À época estava grávida, tendo
abortado um feto do sexo masculino em dois de dezembro. Na última carta que
escreveu a sua irmã Maria Luísa, ela da conta de suas enfermidades, ao dizer
que estava ‘reduzida ao mais estado deplorável de saúde e tendo chegado ao
último ponto de minha vida, em meio aos maiores sofrimentos’.
Ao saber da notícia do
falecimento da imperatriz, o outrora ‘adorado Pedro’, aquele a quem ela se
referiu na mesma carta à irmã como ‘monstro sedutor’, que a havia diminuído ao ‘estado
da maior escravidão’”, retornara para o Rio de Janeiro, e permanecera trancado
de luto, enquanto toda a pátria chorava a perda de sua mãe.
D. Leopoldina havia
conquistado seu lugar no panteão de heróis do país, como a matriarca do
Império, aquela cuja intervenção seria decisiva para que uma revolução republicana
não atingisse o país e fragmentasse o território nacional, assim como aconteceu
às colônias espanholas na América.
Todavia, ainda hoje se nota
certa dose de desleixo por parte de alguns historiadores que passam por cima da
figura dessa impressionante mulher quando analisam o processo de soberania do
país.
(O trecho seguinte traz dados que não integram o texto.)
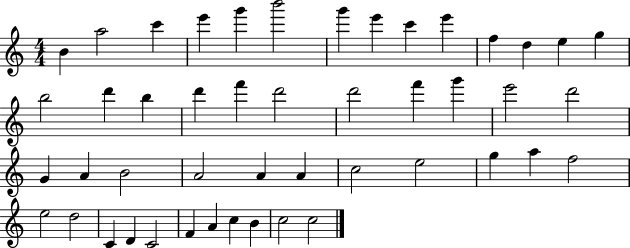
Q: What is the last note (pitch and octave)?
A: C5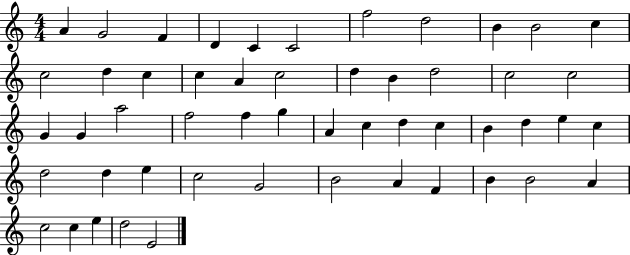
X:1
T:Untitled
M:4/4
L:1/4
K:C
A G2 F D C C2 f2 d2 B B2 c c2 d c c A c2 d B d2 c2 c2 G G a2 f2 f g A c d c B d e c d2 d e c2 G2 B2 A F B B2 A c2 c e d2 E2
Leopoldina fica quase eclipsada diante dos estereótipos de D. Pedro, o
primeiro imperador, e José Bonifácio, o patriarca da independência.
Entretanto, foram suas
articulações políticas com o ministro que definiram os acontecimentos que
culminaram no grito do Ipiranga. Não obstante, apesar de identificar-se pouco
com os costumes do Brasil, assumiu suas responsabilidades de esposa e mãe com
total competência, intercedendo por aqueles a quem considerava dignos de
misericórdia.
O país terá sempre uma dívida
de eterna gratidão para com esta nobre arquiduquesa austríaca que triunfou na
morte, assim como se desiludira em vida. A ela, dedico minha total admiração e
respeito!
Bandeira Imperial do Brasil |
Referências Bibliográficas
- Gomes, Laurentino. 1822: como um homem sábio, uma princesa triste e um escocês louco por dinheiro ajudaram D. Pedro a criar o Brasil, um país que tinha tudo para dar errado. – Rio de Janeiro: Nova Fronteira, 2010.
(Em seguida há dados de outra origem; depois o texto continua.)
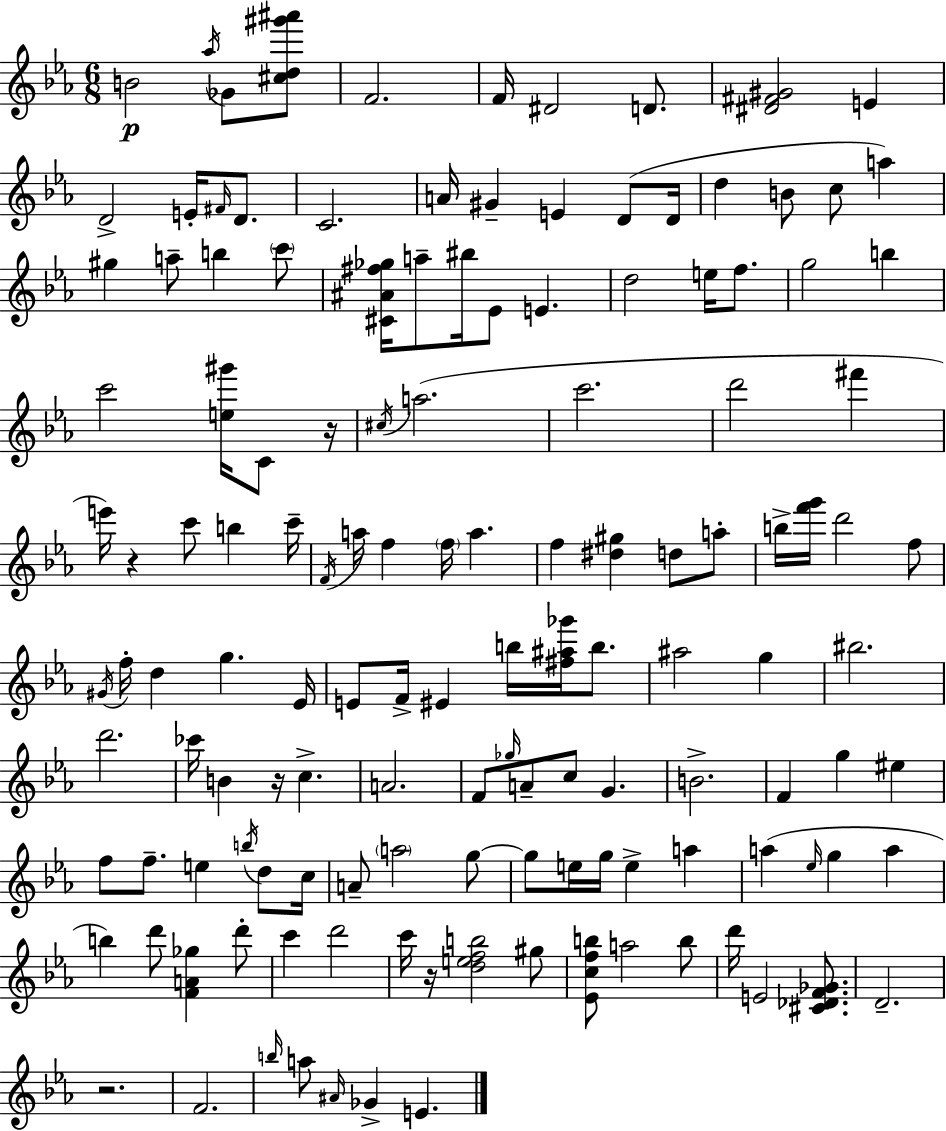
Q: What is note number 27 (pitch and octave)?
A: A5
- Kann, Bettina; Lima, Patrícia Souza. ‘D. Leopoldina: cartas de uma imperatriz’ – São Paulo: Estação Liberdade, 2006.
- Oberacker Jr., Carlos H. ‘A imperatriz Leopoldina, sua vida e época: ensaio de uma biografia’ – Rio de Janeiro: Conselho Federal de Cultura, 1973.
- Priiore, Mary Del. ‘A carne e o sangue: A imperatriz D. Leopoldina, D. Pedro I e Domitila, a marquesa de Santos’. – Rio de Janeiro: Rocco, 2012.